# Router reconnect Batch datei



## Deon (4. Juli 2009)

Hi
Ich möchte mir als Free loader bei Rapidshare was laden, was viele Parts hat, aber da nach jedem Download eine Wartezeit von 15 Minuten erforderlich ist kommt ziemlich viel Zeit zusammen also möchte ich mal fragen wie man eine Batchdatei für einen Wlan Router erstellt, die ihn reconnected und ihm eine neue Ip-adresse zuweist, denn wenn ich ihn an- und wieder ausschalte habe ich dennoch keine neue Ip Adresse
falls das illegal ist könnt ihr es einfach löschen


----------



## Filico (4. Juli 2009)

das ganze geht noch einfacher mit dem Jdownloader


----------



## geforceeee (4. Juli 2009)

Hallo,
nein das ist nicht illegal. Du machst nur einen Fehler. Wenn du die Stromverbindung zu deinem Router kappst, bekommst du eine neue IP Adresse (sofern das DSL Modem in deinem Router ist). Rapidshare arbeitet aber auch mit Cookies (und anderem wie MAC - Adresse). Du musst also alle Cookies löschen und eine neue Ip zugewiesen bekommen.

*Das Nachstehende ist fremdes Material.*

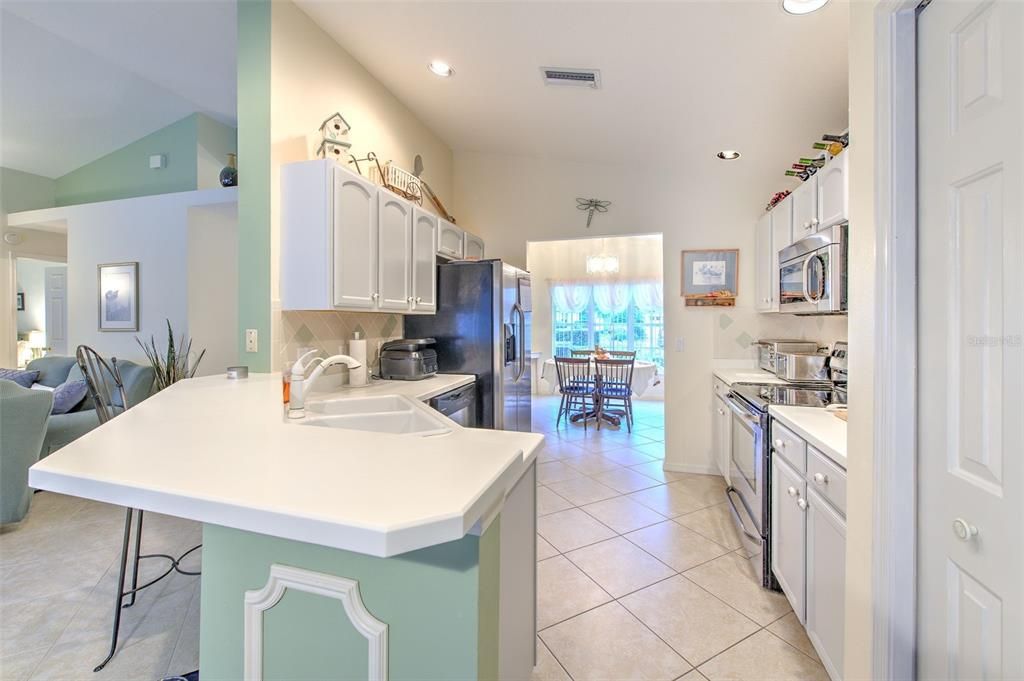 For Sale: $429,900 (3 beds, 2 baths, 1514 Square Feet)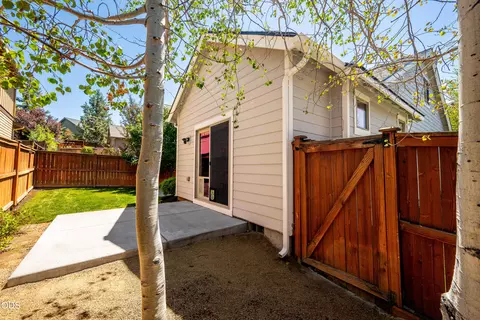 Exterior - 20768 NE Horizon Ridge Pl, Bend, OR 97701 photo 9 of 13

Wegen der Batchdatei. Das ist relativ einfach. Ich gebe dir einen Tipp: Probiere es mit ipconfig /renew!

Bis dann
lg, geforceeee


----------



## Deon (4. Juli 2009)

Filico schrieb:


> das ganze geht noch einfacher mit dem Jdownloader




geht das also ohne batch datei das er das ohne wartezeit macht?
Und ich habe ein Problem denn Jdownloader sammelt die Links aber ich habe so ne Seite wo ich nur draufklicke dann öffnet sich die seite von rapidshare und dann klicke ich auf freeloader dann zählt es die 82 sekunden runter und wenn ich dann die url in jdownloader einfüge öffnet er die seite nur 
was muss ich machen?



geforceeee schrieb:


> Hallo,
> nein das ist nicht illegal. Du machst nur einen Fehler. Wenn du die Stromverbindung zu deinem Router kappst, bekommst du eine neue IP Adresse (sofern das DSL Modem in deinem Router ist). Rapidshare arbeitet aber auch mit Cookies (und anderem wie MAC - Adresse). Du musst also alle Cookies löschen und eine neue Ip zugewiesen bekommen.
> 
> Wegen der Batchdatei. Das ist relativ einfach. Ich gebe dir einen Tipp: Probiere es mit ipconfig /renew!
> ...



Mein Router ist der LINKSYS WRT54GL
Der Router ist nicht an die Telefonleitung angeschlossen oder so, sondern bekommt seine Verbindung durch Wlan und mein PC ist per Kabel an den Router angeschlossen 
also weiß ich nicht ob das jetzt mit einem tipp geht aber wenn ja könntest du mir das bitte näher erklären denn ich blicke da nicht ganz durch?


----------



## Filico (4. Juli 2009)

> geht das also ohne batch datei das er das ohne wartezeit macht?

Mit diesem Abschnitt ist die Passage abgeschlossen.